咕咕嘎嘎-NonPrehensile-1-HAMNET

2026-03-30

咕咕嘎嘎

开一个咕咕嘎嘎栏目记录科研中的一些阅读/获取/心得.

之前的读论文感觉形式太死了，感觉这样更灵活一点. 然后语言上可能也不会局限于之前用英文总结了，而是想中文说话就中文，想英文说话就英文.

也充当一个自言自语的空间.

UNICORN: https://unicorn-hamnet.github.io/static/pdf/paper.pdf

这篇文章大概就是介绍了一个目前看来最强大的一个 nonprehensile 的结构，能够做到 object & action & environment 的 generalization.

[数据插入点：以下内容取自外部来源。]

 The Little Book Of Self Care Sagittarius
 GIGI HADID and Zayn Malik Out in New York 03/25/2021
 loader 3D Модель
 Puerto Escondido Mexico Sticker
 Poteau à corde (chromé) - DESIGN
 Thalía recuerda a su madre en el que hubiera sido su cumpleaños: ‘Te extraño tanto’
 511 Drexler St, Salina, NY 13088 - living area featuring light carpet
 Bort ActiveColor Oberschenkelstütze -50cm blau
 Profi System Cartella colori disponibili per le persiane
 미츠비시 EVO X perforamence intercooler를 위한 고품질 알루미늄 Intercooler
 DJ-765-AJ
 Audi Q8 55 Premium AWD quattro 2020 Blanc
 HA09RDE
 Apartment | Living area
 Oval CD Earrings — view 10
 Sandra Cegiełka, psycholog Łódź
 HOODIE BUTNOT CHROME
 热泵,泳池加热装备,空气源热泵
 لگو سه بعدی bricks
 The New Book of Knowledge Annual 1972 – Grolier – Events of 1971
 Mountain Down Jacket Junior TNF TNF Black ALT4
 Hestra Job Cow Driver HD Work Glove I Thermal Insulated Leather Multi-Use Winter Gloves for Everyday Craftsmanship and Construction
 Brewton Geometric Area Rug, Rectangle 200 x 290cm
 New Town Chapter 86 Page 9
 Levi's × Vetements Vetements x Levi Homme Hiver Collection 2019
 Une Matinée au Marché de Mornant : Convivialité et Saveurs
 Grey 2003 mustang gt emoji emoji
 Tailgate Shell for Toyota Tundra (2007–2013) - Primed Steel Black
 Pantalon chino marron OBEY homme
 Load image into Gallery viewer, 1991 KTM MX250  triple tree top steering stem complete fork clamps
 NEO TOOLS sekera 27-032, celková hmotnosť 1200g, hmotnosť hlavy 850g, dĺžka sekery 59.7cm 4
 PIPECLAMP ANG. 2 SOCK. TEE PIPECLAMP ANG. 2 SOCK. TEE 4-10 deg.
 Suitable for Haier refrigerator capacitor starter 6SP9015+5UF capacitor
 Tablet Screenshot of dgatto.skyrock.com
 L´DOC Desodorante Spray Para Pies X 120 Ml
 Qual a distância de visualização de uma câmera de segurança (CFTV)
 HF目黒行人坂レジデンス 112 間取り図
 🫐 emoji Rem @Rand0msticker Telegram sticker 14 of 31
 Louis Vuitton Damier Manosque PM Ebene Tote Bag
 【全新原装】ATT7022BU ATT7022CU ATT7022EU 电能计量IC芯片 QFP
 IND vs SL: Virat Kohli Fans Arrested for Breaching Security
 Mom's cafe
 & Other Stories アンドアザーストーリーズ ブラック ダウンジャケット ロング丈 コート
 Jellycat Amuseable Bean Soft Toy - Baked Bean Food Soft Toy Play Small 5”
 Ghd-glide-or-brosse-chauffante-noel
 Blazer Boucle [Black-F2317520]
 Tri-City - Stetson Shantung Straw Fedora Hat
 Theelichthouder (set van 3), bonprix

有一说一，感觉这篇文章 introduction 写的巨详细. 在 Introduction 中，提到了 inspired by human brain modularity motor, 提出了一个 Hierarchical Modular 的模型，其中有一个 modulation network 用来决定去 activate 哪些 module (HAMNET). 其实大概就是那些 MoE 的思想，但是好像又不是特别一样，具体的等会儿说；然后还提到这个 geometry representation，由于环境不同，所以需要学一个能够学 contact between two arbitrary objects 的 representation (which seems to be quite important and useful). 然后最后一个就是，在 environment design 选择了用很多个 primitive 去构造 environment 来做对 environment 的泛化.

训练上，大概的总结是：Leverage deep RL using parrel simulation to train modular policy using pre-trained geometric representation on procedurally generated environment. 当然最后有一个 teacher-student distillation.

整个 policy 的设计都在 Fig.7 & 8 中. 下面只是一个复述.

从后往前看. 首先是 base network，即最后用来 output action 的部分. Base network 先做了 (O, object + hand + goal) 的 cross attention, 和 prev action 和 phys concat 起来后就是经过 MLP 得到 actor / critic. 这个 MLP 比较特殊，每一层都有 \(m\) 个 module 组成 \(\theta_i\)，即 \(m\) 组不同的权重，然后 forward 的时候通过 modulation network 组合这些 module 算出这一层的真实值 \(\theta=f(\theta_i)\).

然后是 modulation network: 首先做 (G, joint+object state) 和 (L, joint+object state) 的 cross attention，然后和 prev action 和 phys 和 O concat 起来后通过 MLP 得到 \(z\) (称为 modulation embedding). \(z\) 被 map 到一个 module-wise activation factor \(w\) (after softmax) 和 feature-wise activation factor \(g\) (一个 gate). 这个 \(w,g\) 就可以用来计算 \(\theta_j=g_j\odot \sum_i w_{i,j}\theta_{i,j}\). 当然，对于 actor/critic, \(g,w,\theta\) 都是不同的.

最后来看 geometric representation (UNICORN). Geometric Representation 在后续的训练是 frozen 的. Pre-training 的流程是，搞两个 object \(A,B\), 然后放在一个 near-contact configuration, 然后 predict whether the i-th patch of A is in contact with B. 而模型大概就是，每个点云可以通过 patch 类 pointnet++ 的模型来获得 global 和 patch feature，然后判断是否 contact 的 decoder 就用 A 的 patch feature 和 B 的 global feature.

然后一些 RL training 上的：用了一个 curriculum learning，其中一开始的时候 arm 就在 object 旁边，然后 ceiling 比较高；然后后面增加 random initialization & tight ceiling 的占比. 然后别的倒没什么，开了 1024 个环境摁跑.

这篇文章大抵就是这样. 然后后一天又看了两篇大规模 RL 训练的改进相关的（SAPG 和 CPO），但也都只看了个皮毛. 可能如果需要更深入研究的话会放到之后的咕咕嘎嘎栏目？